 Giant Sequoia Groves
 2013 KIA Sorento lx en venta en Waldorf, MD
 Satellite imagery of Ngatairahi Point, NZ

What you should do:
Line by line, return the whole listing without a single difference.

Your solution:
 Giant Sequoia Groves
 2013 KIA Sorento lx en venta en Waldorf, MD
 Satellite imagery of Ngatairahi Point, NZ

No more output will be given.